RECORD SET Block Start

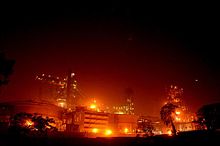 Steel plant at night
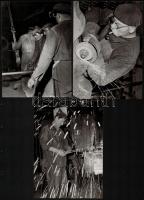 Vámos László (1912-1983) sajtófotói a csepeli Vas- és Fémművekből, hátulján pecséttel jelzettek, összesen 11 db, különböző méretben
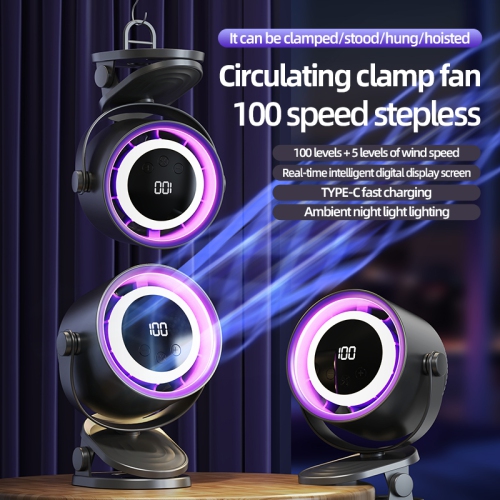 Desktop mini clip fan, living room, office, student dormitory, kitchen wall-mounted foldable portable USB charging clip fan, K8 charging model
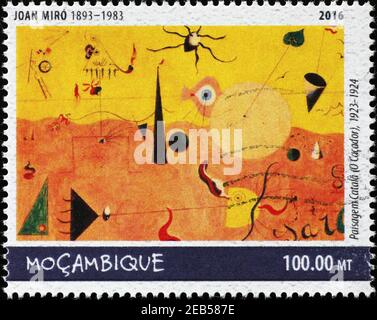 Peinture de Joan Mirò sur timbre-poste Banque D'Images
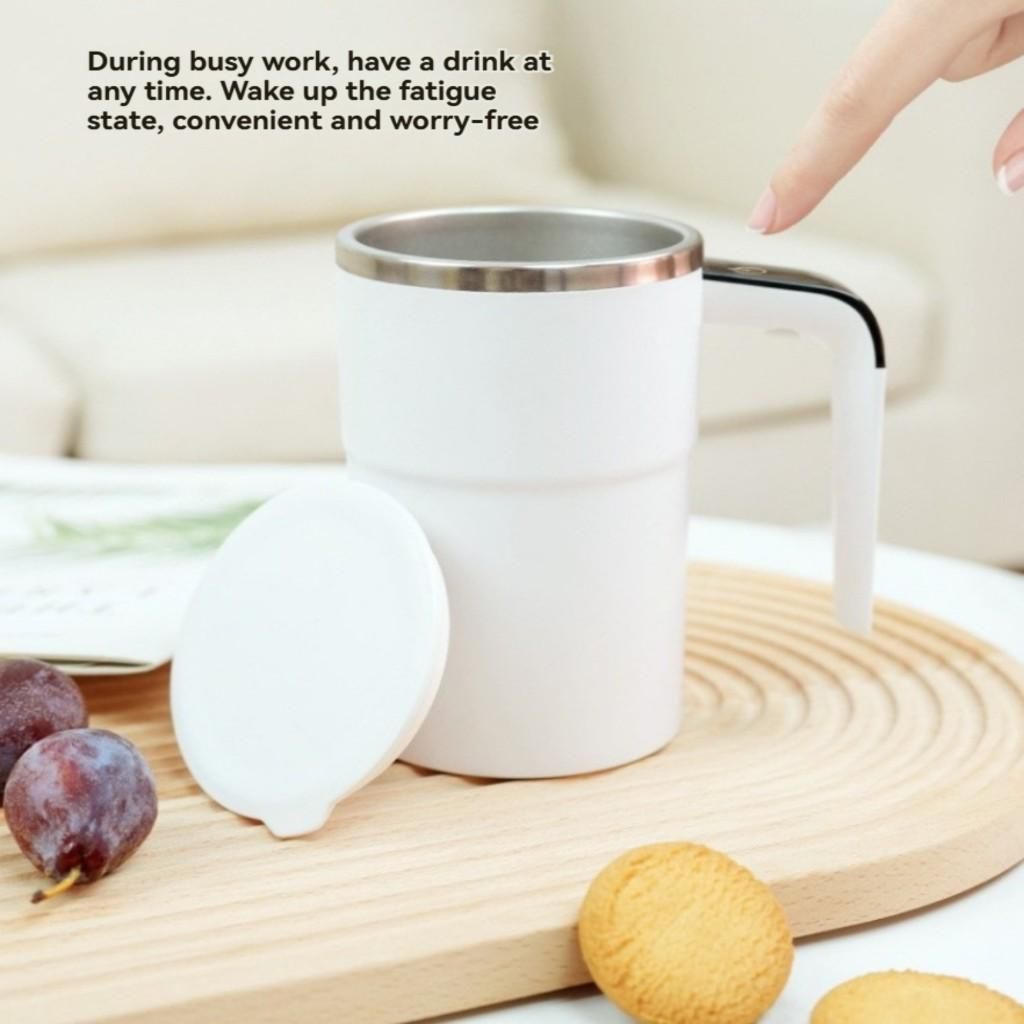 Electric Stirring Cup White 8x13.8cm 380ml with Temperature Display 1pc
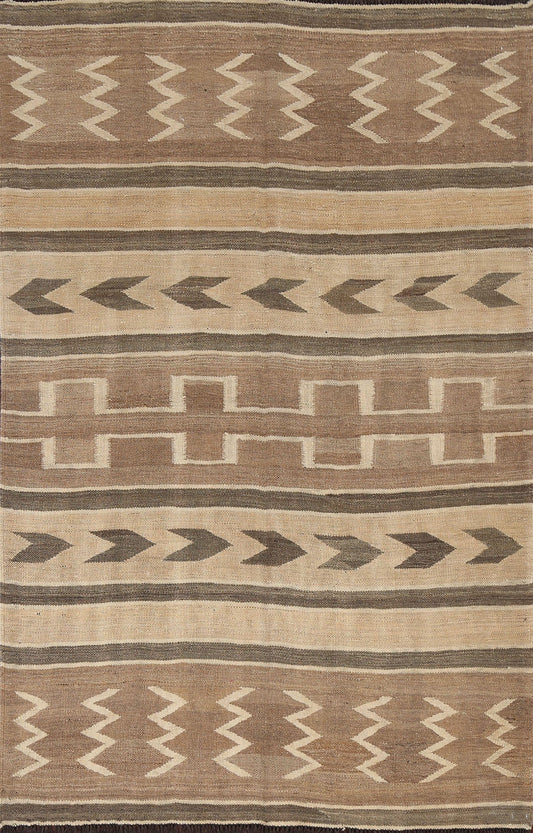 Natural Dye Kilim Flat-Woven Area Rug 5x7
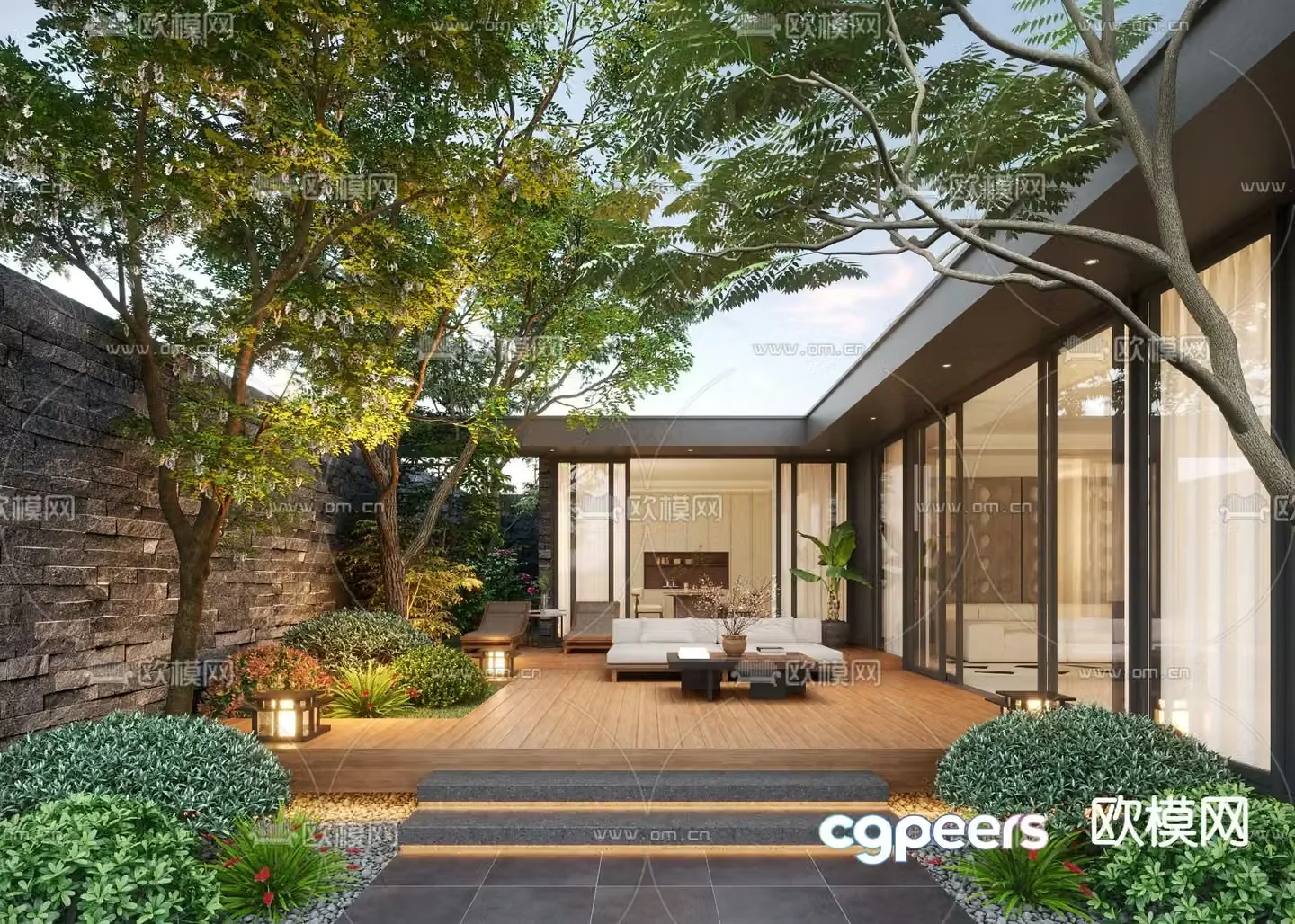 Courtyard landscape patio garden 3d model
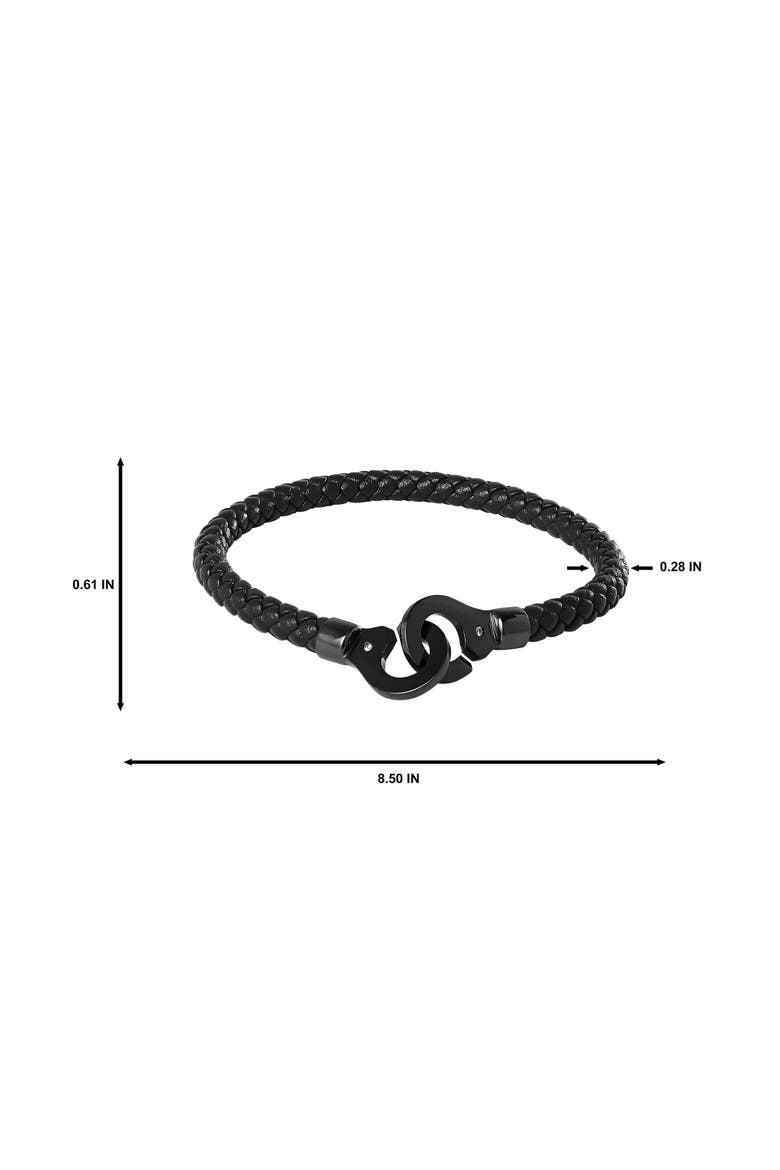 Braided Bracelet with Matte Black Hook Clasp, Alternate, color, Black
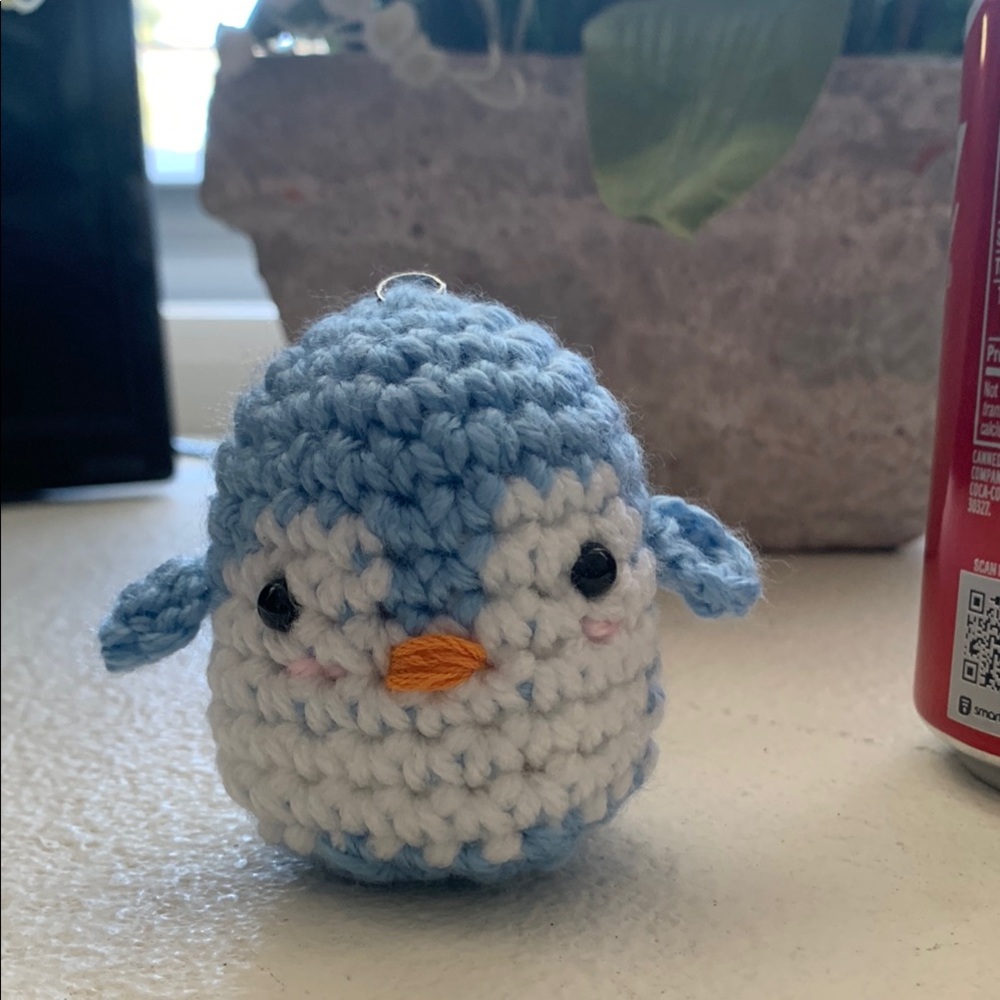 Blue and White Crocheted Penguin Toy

RECORD SET Block End

#### EXERCISE BRIEF
Output every entry exactly. Pictures stay out.

#### REPLY TO THE EXERCISE
 Steel plant at night
 Vámos László (1912-1983) sajtófotói a csepeli Vas- és Fémművekből, hátulján pecséttel jelzettek, összesen 11 db, különböző méretben
 Desktop mini clip fan, living room, office, student dormitory, kitchen wall-mounted foldable portable USB charging clip fan, K8 charging model
 Peinture de Joan Mirò sur timbre-poste Banque D'Images
 Electric Stirring Cup White 8x13.8cm 380ml with Temperature Display 1pc
 Natural Dye Kilim Flat-Woven Area Rug 5x7
 Courtyard landscape patio garden 3d model
 Braided Bracelet with Matte Black Hook Clasp, Alternate, color, Black
 Blue and White Crocheted Penguin Toy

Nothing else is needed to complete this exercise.